- **What to do**
From the material below, retype exactly the lines that begin at the line with "TOY_DES_EL_2021_HUB_BRAND_ATT_IMG_KV_SUV_Range_2_crop-2" and end after the line with "SAS 750 Tubeline"; pictures stay out of the copy.

═════ Supplied information

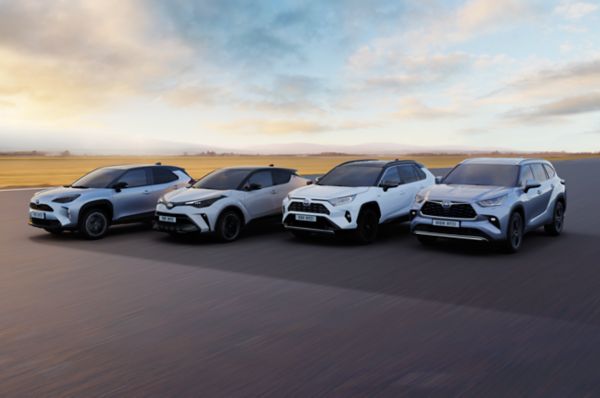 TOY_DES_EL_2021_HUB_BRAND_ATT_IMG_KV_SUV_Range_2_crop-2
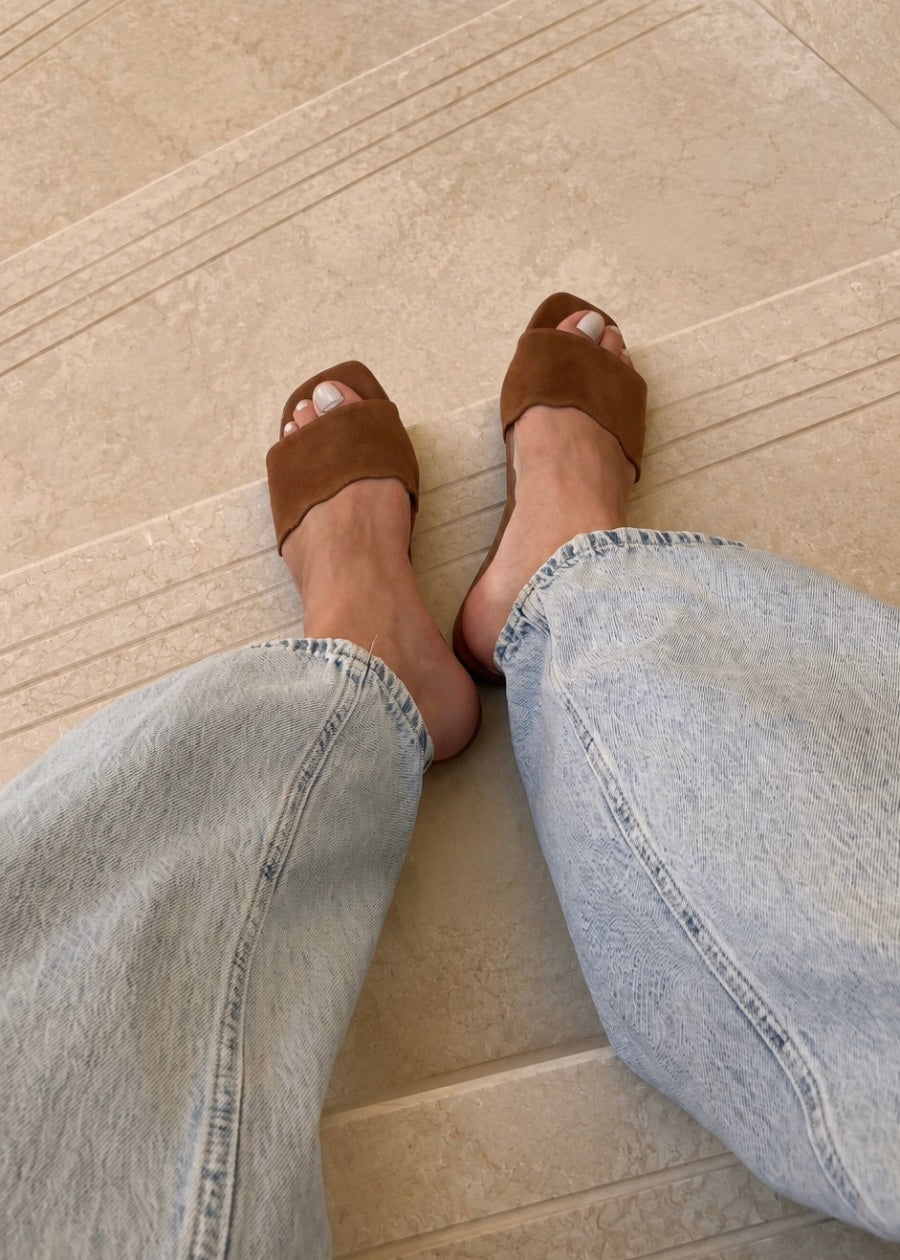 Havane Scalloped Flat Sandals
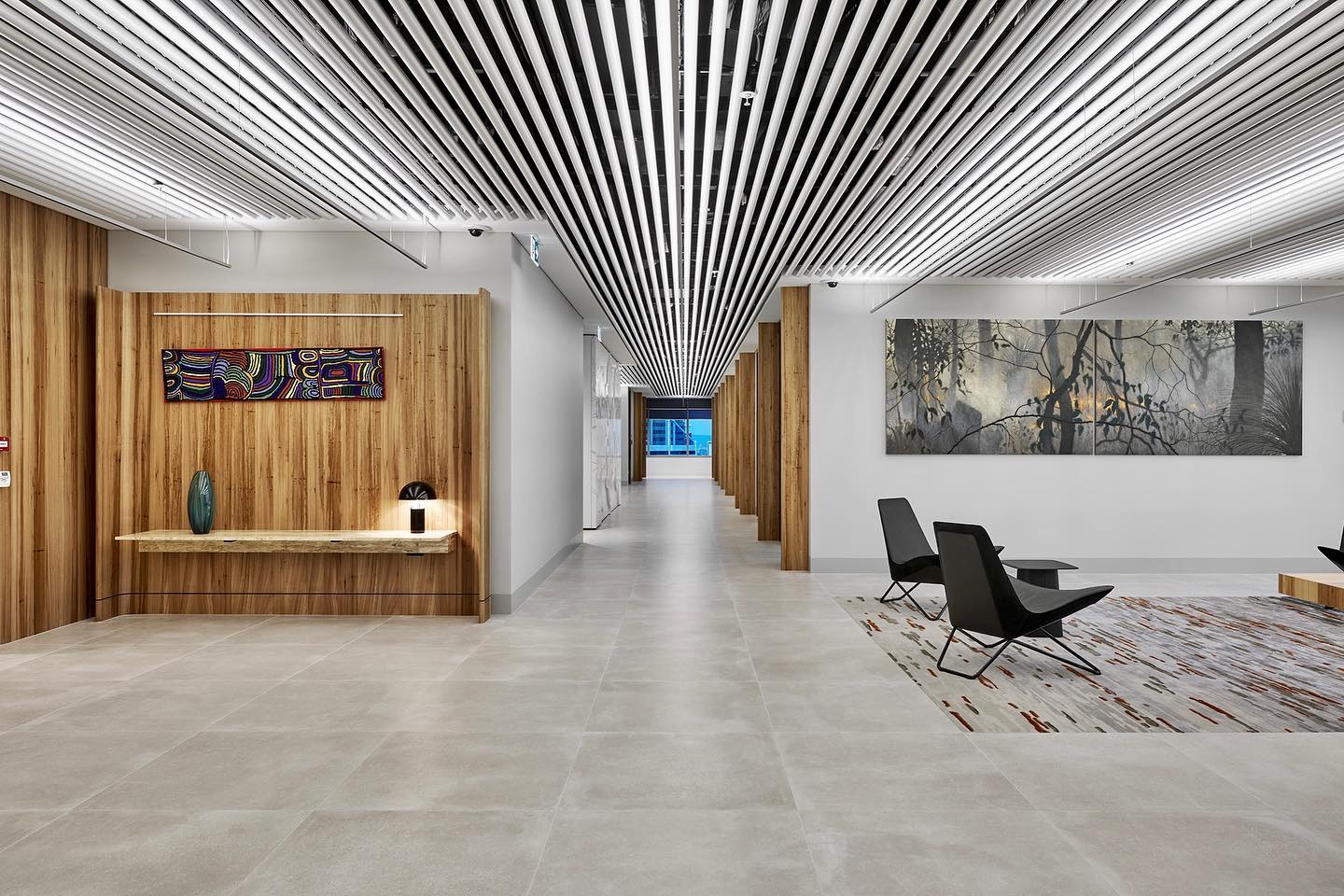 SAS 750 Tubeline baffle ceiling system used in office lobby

══════════
═════ Supplied information

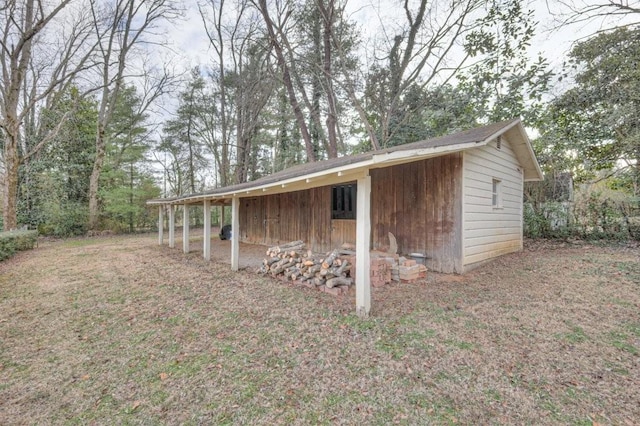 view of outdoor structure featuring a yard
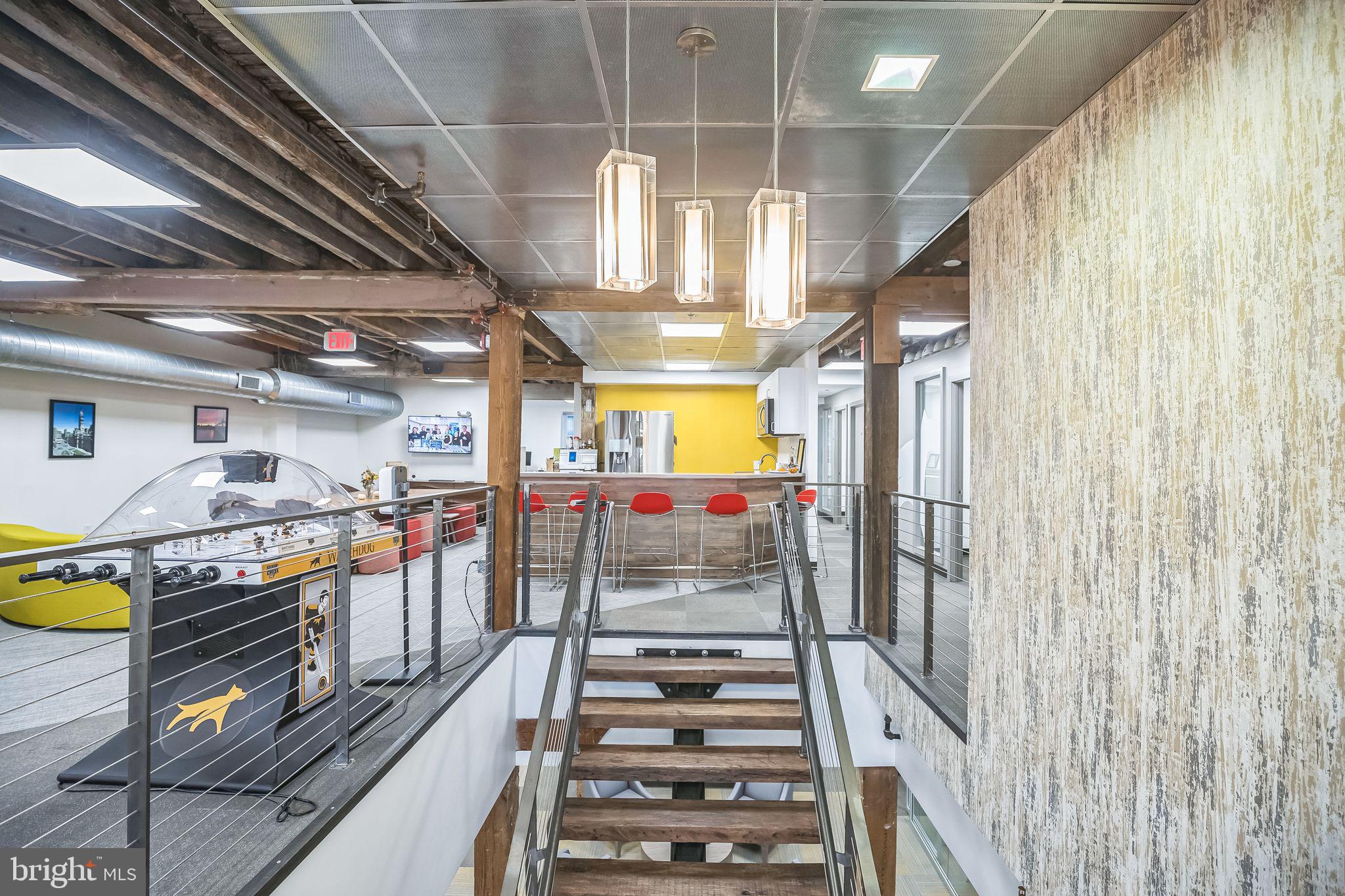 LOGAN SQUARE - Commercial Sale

══════════
═════ Supplied information

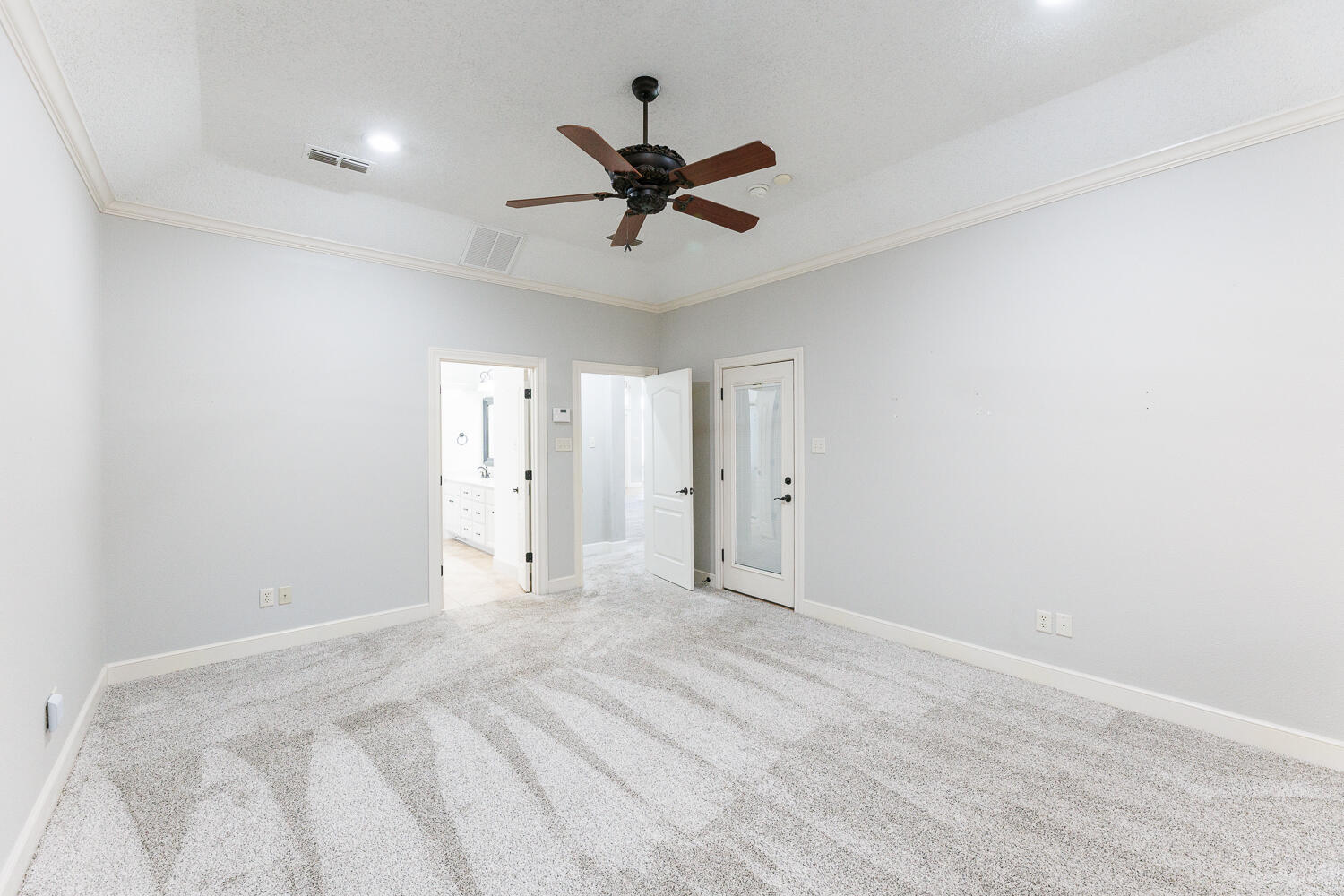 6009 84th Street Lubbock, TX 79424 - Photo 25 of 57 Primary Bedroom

══════════

- **Answer space**
 TOY_DES_EL_2021_HUB_BRAND_ATT_IMG_KV_SUV_Range_2_crop-2
 Havane Scalloped Flat Sandals
 SAS 750 Tubeline baffle ceiling system used in office lobby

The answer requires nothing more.